Contudo, é importante destacar que o simples não pagamento de tributos, em muitas situações, decorre da escassez de recursos financeiros, sem qualquer ato de má-fé ou fraude por parte do administrador. O conceito de “inexigibilidade de conduta adversa” surge nesse contexto, ou seja, quando o administrador da empresa, devido às circunstâncias excepcionais e à falta de caixa, não tem capacidade para cumprir as obrigações tributárias de maneira adequada.
“A crise econômica enfrentada pela empresa, somada à inexistência de dolo, não deve ser tratada como crime. A legislação prevê a exclusão de culpabilidade em casos de dificuldades financeiras graves. A tipificação penal do inadimplemento tributário deve ser analisada com base na realidade econômica da empresa, que está em recuperação judicial”, defende Lira.
A jurisprudência dos tribunais superiores também tem se alinhado a essa posição. Em decisões recentes, os tribunais têm reconhecido que as dificuldades financeiras enfrentadas pelas empresas, especialmente aquelas em recuperação judicial, podem configurar uma causa excludente de culpabilidade, com base na inexigibilidade de conduta diversa.
“O fato de a empresa estar passando por um processo de recuperação judicial é uma evidência de que ela enfrenta uma crise financeira. Nesse cenário, tipificar o inadimplemento tributário como crime sem comprovar dolo ou fraude é um conflito entre o tratamento do crédito tributário e a própria recuperação da empresa”, conclui Thiago Santana Lira.

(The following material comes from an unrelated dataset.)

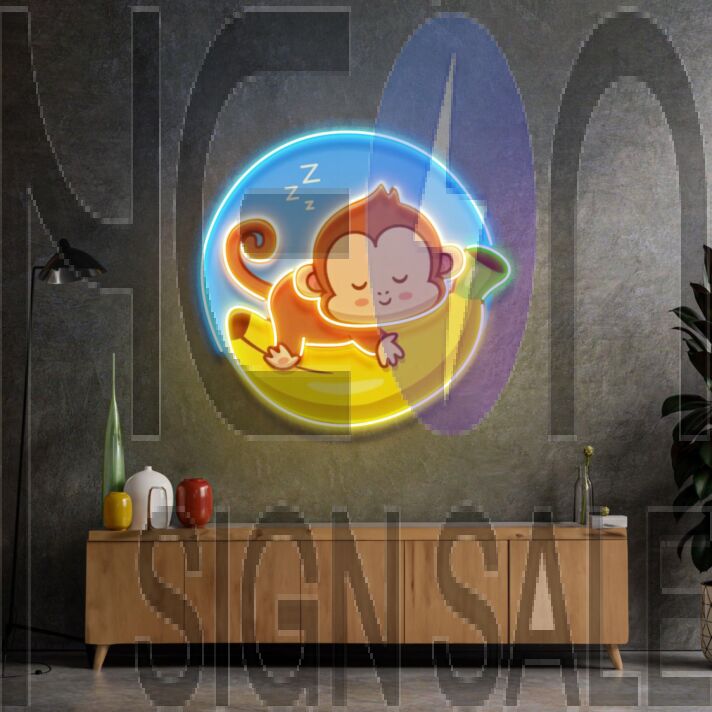 Sleeping Monkey Led Neon Acrylic Artwork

Portanto, a recuperação judicial, ao ser concedida pelo Judiciário, reconhece a crise financeira da empresa e, ao mesmo tempo, busca a manutenção de sua função social. Nesse contexto, o inadimplemento tributário, sem o dolo do administrador, deve ser analisado com uma visão mais ampla, respeitando a recuperação da empresa e as condições excepcionais em que ela se encontra.